Resides: Reynoldsburg

Family: Children, Tasia, 22, Micah, 19

Affordable Housing Trust CEO Lark Mallory photographed in her office on Tuesday, January 4, 2022.

Q&A: Lark Mallory shares the hopes she has for her role and Columbus

You started in this position in August. Describe your first few weeks on the job.

On my first day, I kicked off my listening tour. I met with all our board members, city council, developers. I had a zoom meeting with [several Huntington executives, including Stephen Steinour, the chairman, president and CEO]. He says, “Lark, go out there and be dynamic. If you make mistakes, that’s OK, get back up and keep trying. It’s going to take more people like you who are committed and can see the bigger issues and move the agenda forward.”

What are the bigger issues?

Affordable housing affects everyone, it’s not just impoverished people.

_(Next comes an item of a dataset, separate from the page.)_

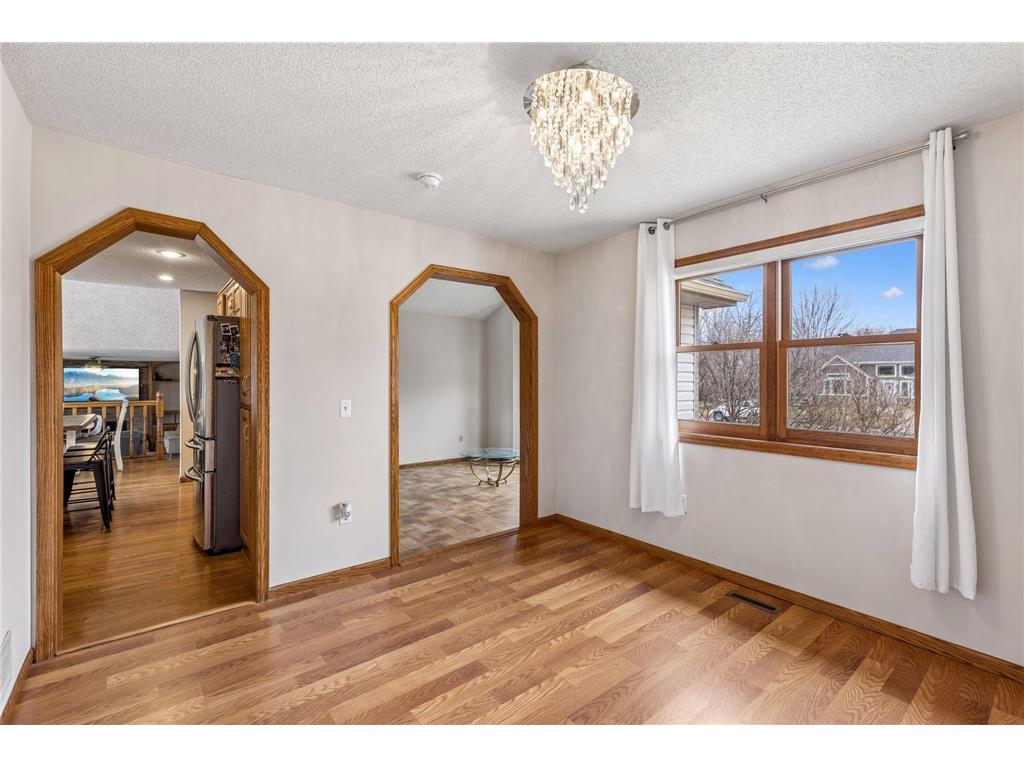 3012 Walter Street Maplewood MN 55109 7083661 image14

It’s an economic development issue. It’s a feminist issue if a woman is in an abusive situation and can’t afford to leave. It’s an economic issue, a social justice issue, a crime issue. It affects everybody. We have to start elevating people, which can be through education that leads to better-paying jobs.

What’s an example of something new you’d like to do?

The development community isn’t very diverse [in terms of] women and people of color. My emerging developer program would address this. Let’s say a developer is doing a duplex or two. We can take them through the process and provide technical assistance, a training program over several weeks, and teach them about zoning and working with general contractors and financial institutions and putting together pro forma. This would help them move from a duplex or two to a 10-unit development. These developers will hire other small contractors and we’ll elevate more and more people and create more diversity.

What motivates you to do what you do?

I had an uncle who always told me I had brains and beauty and could do anything I wanted to do. Not everyone has someone who tells them that.